Is this really a scandal? I mean, really? The scandal here is the pathetically weak job the Bush administration has done of defending itself against this meaningless charge.
I'm sure you know this already, but let me get it down in pixels. The President can fire as many of his U.S attorneys as he wants. Bill Clinton fired all 93 in March of 1993. He was the more astute politician. He sacrificed 92 U.S. attorneys to get the one that was breathing down his neck over Whitewater in Little Rock.
Of course, you have to do a Google search to find that out since Joe Klein and Time magazine and The New York Times aren't going to tell you that. They aren't going to tell you that one of the attorneys, Carol Lam, of the Southern District of southern California was prosecuting fewer alien smugglers pro rata than her predecessors. (Oh.
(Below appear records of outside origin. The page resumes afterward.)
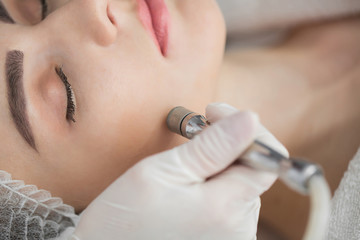 Diamond microdermabrasion, peeling cosmetic. woman during a microdermabrasion treatment in beauty...
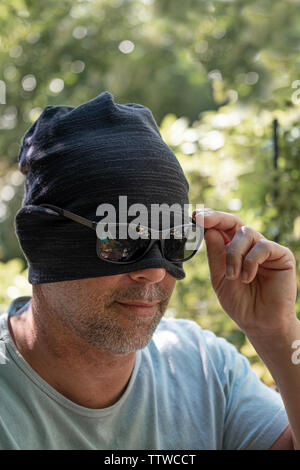 mature bearded man hiding his face under a knitted hat Stock Photo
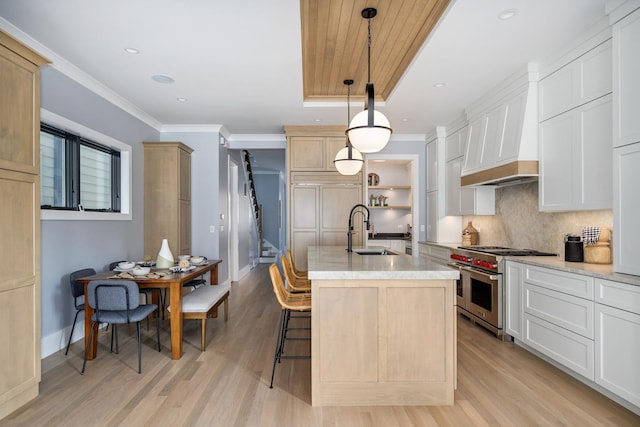 2137 W School St, Chicago, IL 60618 - kitchen featuring double oven range, light wood finished floors, premium range hood, a center island with sink, and a kitchen breakfast bar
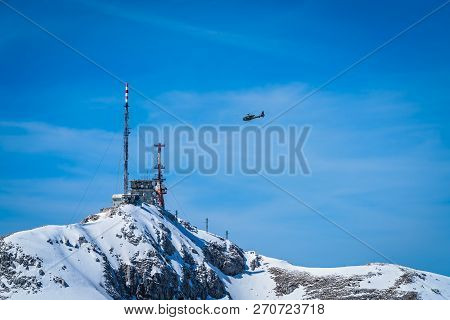 Helicopter Flying Above Telecommunication Station On The Stirovnik Peak, The Highest Summit Of The L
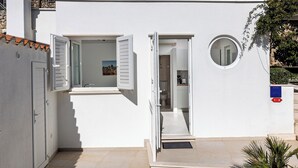 A modern white building with two open doors leading to a hallway and a bathroom. - Sunny Palace Studio 1 (Dubrovnik)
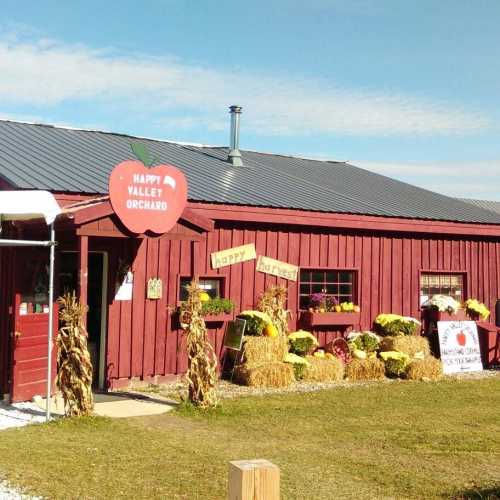 A red barn-style building with a sign reading "Happy Valley Orchard," surrounded by hay bales and colorful flowers.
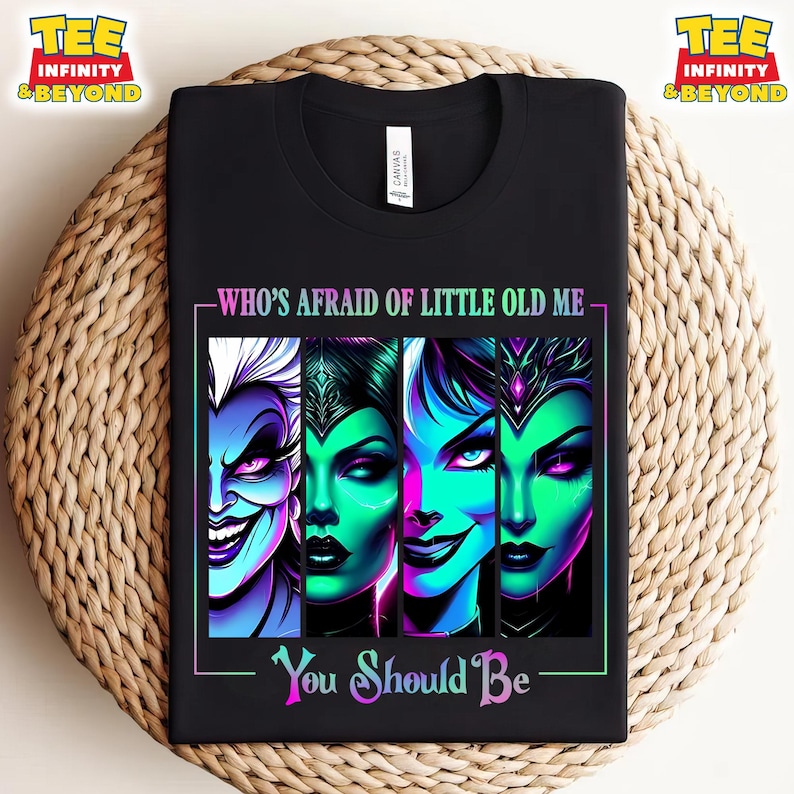 May include: Black t-shirt featuring a graphic of four villainous characters with vibrant colors. The text "WHO'S AFRAID OF LITTLE OLD ME" and "You Should Be" are displayed in a neon-style font, creating a bold statement.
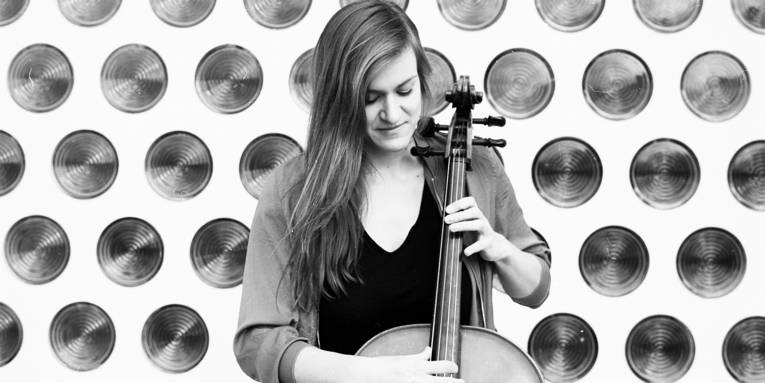 eine junge Frau steht mit ihrem Cello vor einer Wand mit runden Glasbausteinen.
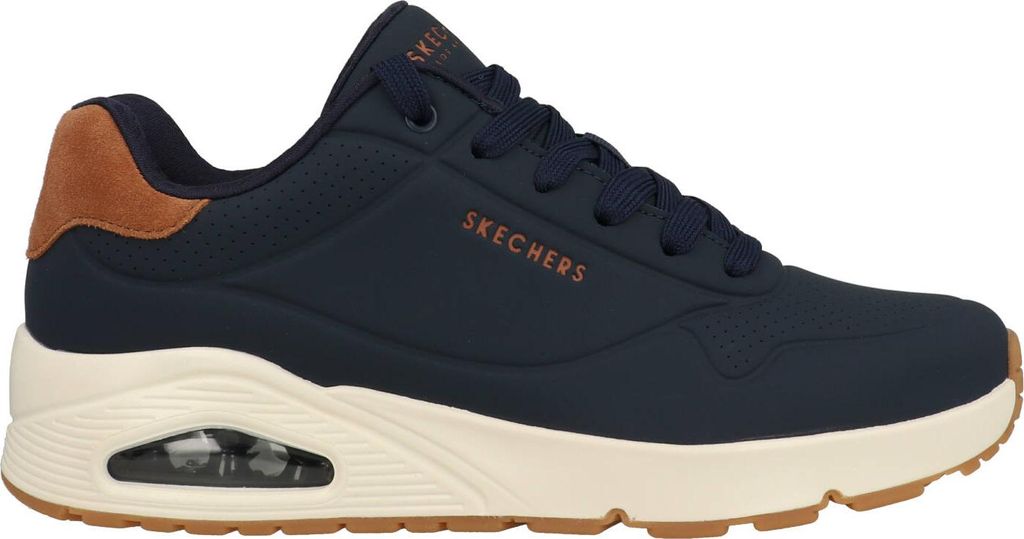 A side view of a navy blue Skechers sneaker with a tan heel accent and a cream-colored sole.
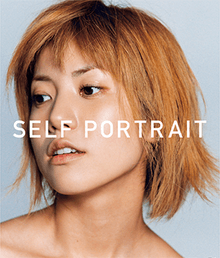 A tightly framed photograph of Hitomi with the title "Self Portrait" superimposed in a white, all caps, sans serif typography style. Against a blue backdrop; her strawberry blonde hair is cut in a choppy, mid-length bob style; her head and gaze are rotated away from the viewer.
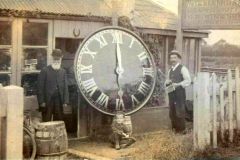 James William Bane, Central Supply Store Advert at the Station.  Clock face is said to be off St Mary's Church. 1906.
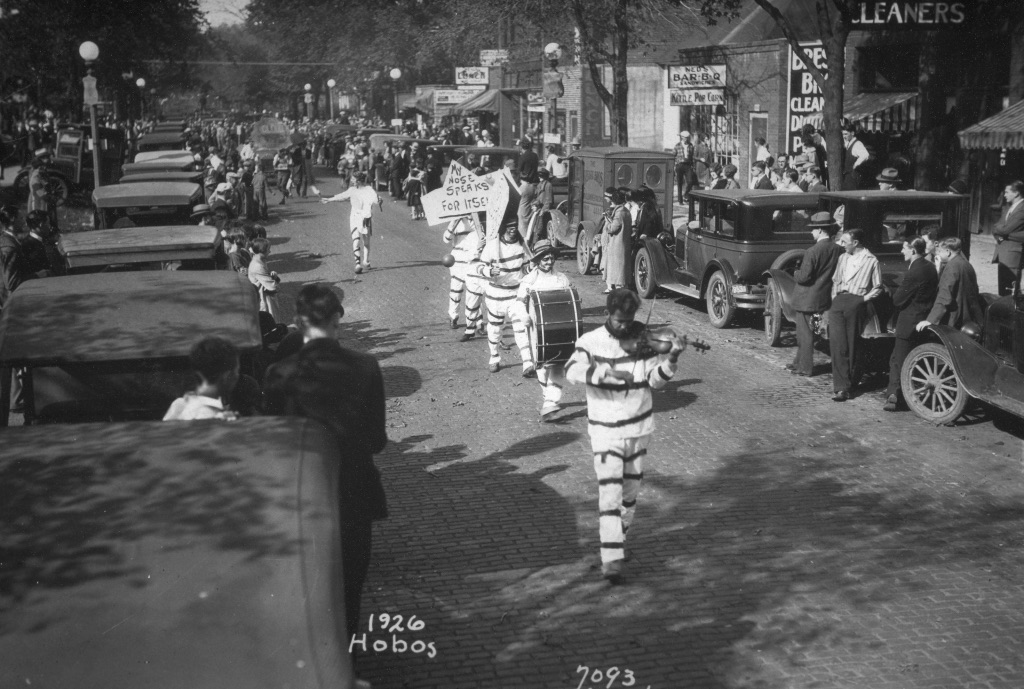 a black and white picture of men walking down the street in black and white striped outfits playing instruments including a violin. While people watch from the side of the street. 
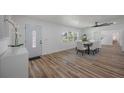 Bright dining room with hardwood floors and modern furniture at 353 Suwanee Ave, Sarasota, FL 34243
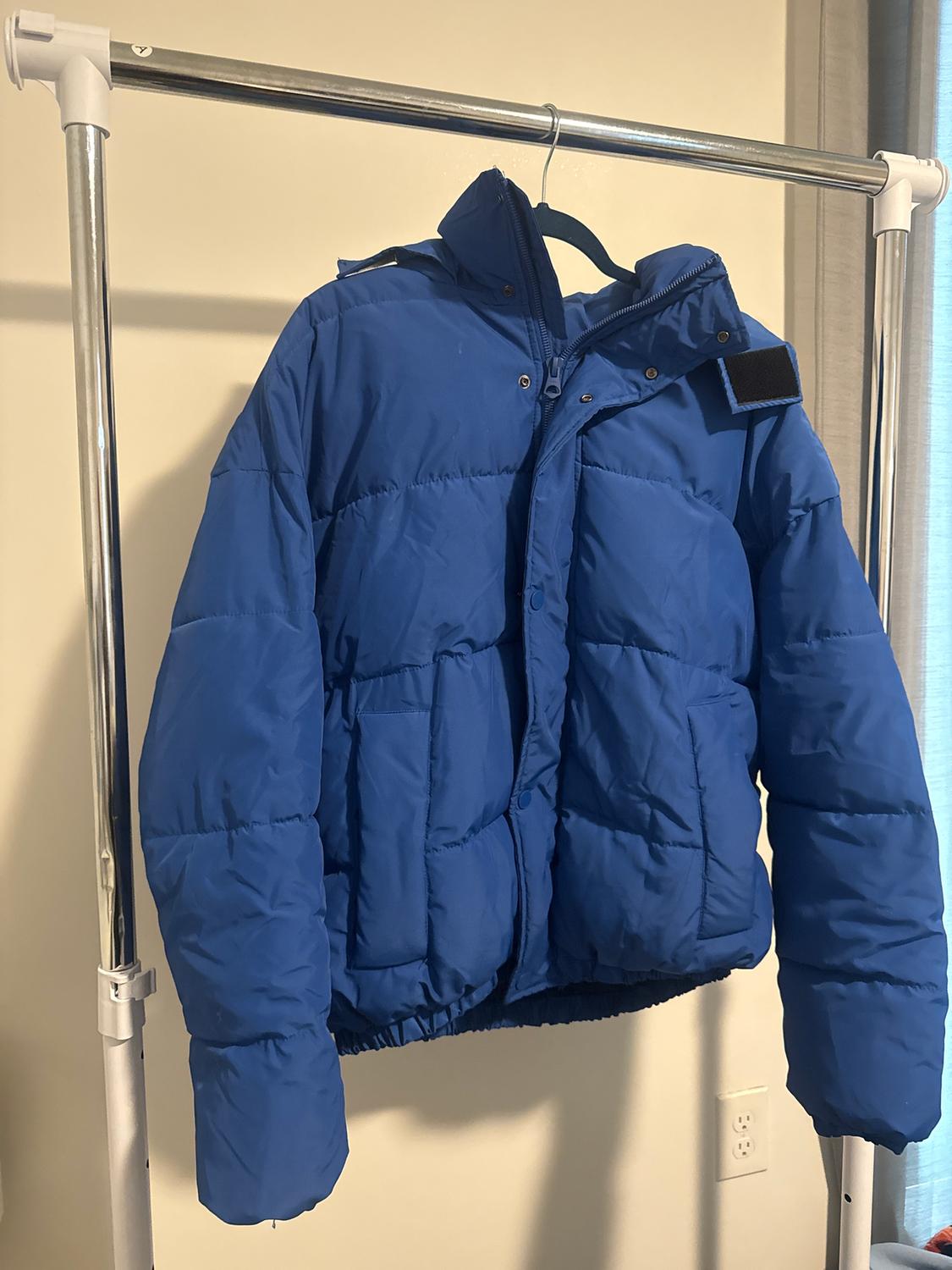 Blue padded jacket hanging on a metal coat rack. Beige wall background and light blue curtain on the right.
Did I mention that the Southern District of southern California is basically San Diego and includes the San Ysidro border crossing?)
At times like this, the President needs to adopt the Clear and Present Danger defense. In the book, and the movie starring Harrison Ford, the fictitious President defuses criticism over a scandal involving a college friend by giving the media nowhere to go. Ford's Jack Ryan advises the President that when asked by a reporter if he and the man in question were friends to say, "No. We are close friends." If asked if they are close friends, say, "No. We are lifelong friends." President Bush should adopt a similar strategy and just own up to the firings. He has nothing to apologize for.